What is required:
Please transcribe the listing that follows exactly; images are to be excluded.

The data:
------
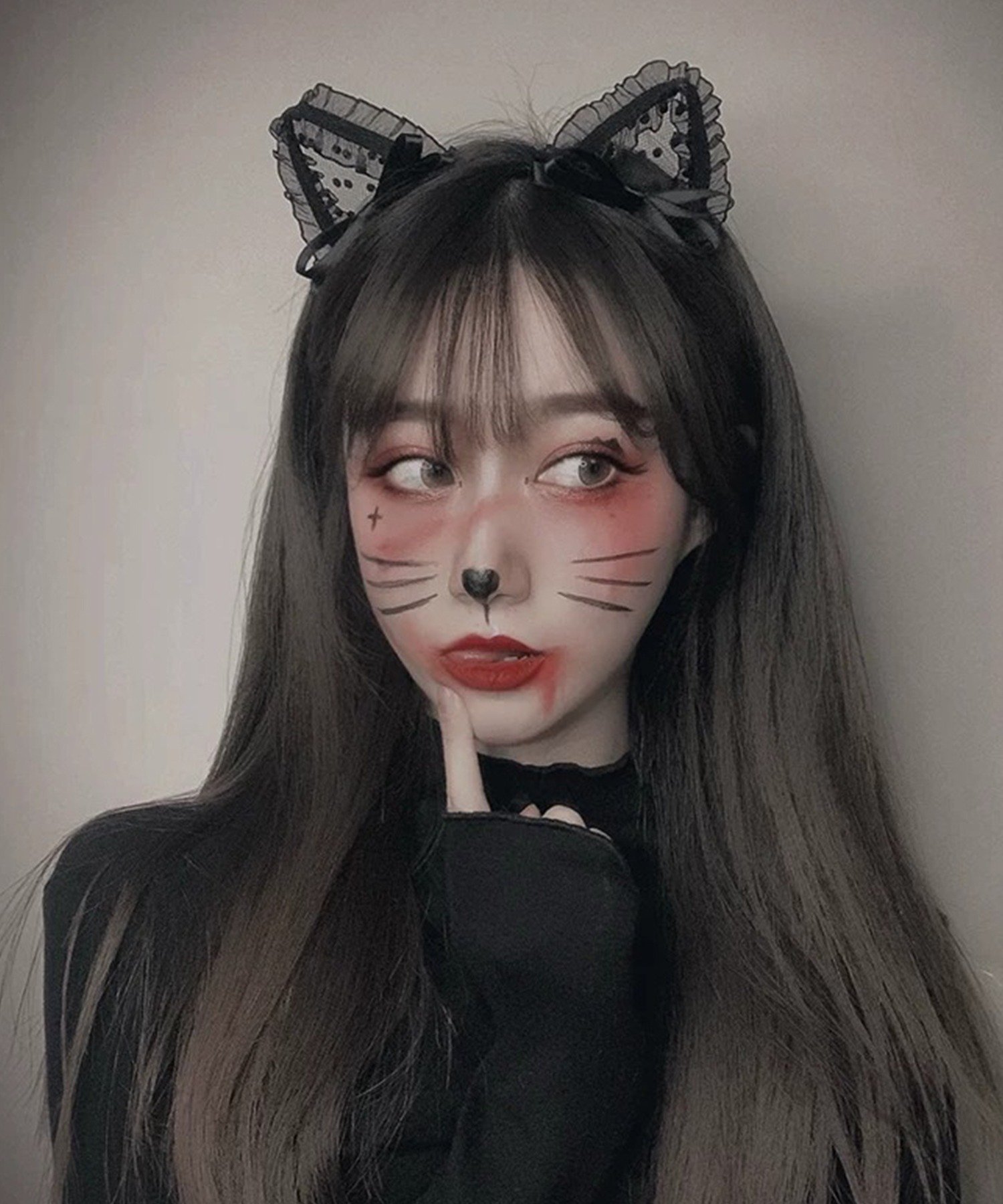 レースフリル リボンディテール 猫耳カチューシャ cula1567 チュクラ ヘアアクセサリー カチューシャ・ヘアバンド ブラック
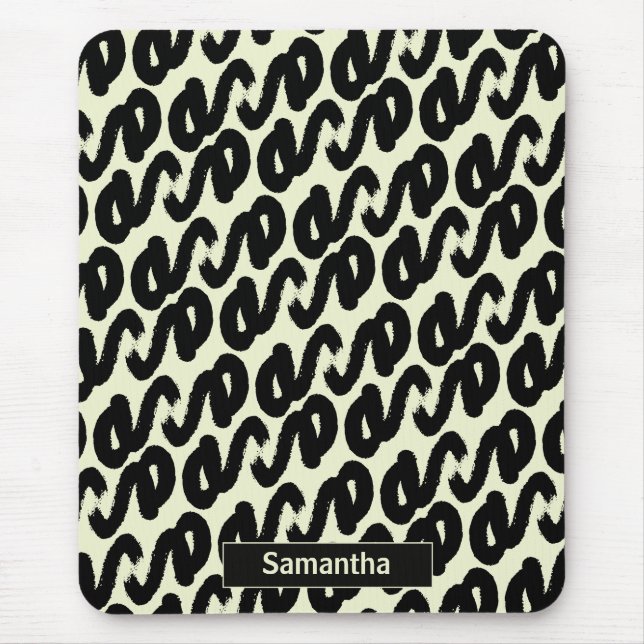 black and white abstract pattern monogram  mouse pad (Front)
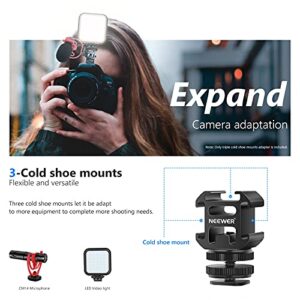 NEEWER Camera Hot Shoe Mount Adapter with Triple Cold Shoe Mounts for Mic LED Video Light Field Monitor, Aluminum Alloy Shoe Mount Compatible with Canon Nikon Sony DSLR Camera Camcorder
------
Response to this task:
 レースフリル リボンディテール 猫耳カチューシャ cula1567 チュクラ ヘアアクセサリー カチューシャ・ヘアバンド ブラック
 black and white abstract pattern monogram  mouse pad (Front)
 NEEWER Camera Hot Shoe Mount Adapter with Triple Cold Shoe Mounts for Mic LED Video Light Field Monitor, Aluminum Alloy Shoe Mount Compatible with Canon Nikon Sony DSLR Camera Camcorder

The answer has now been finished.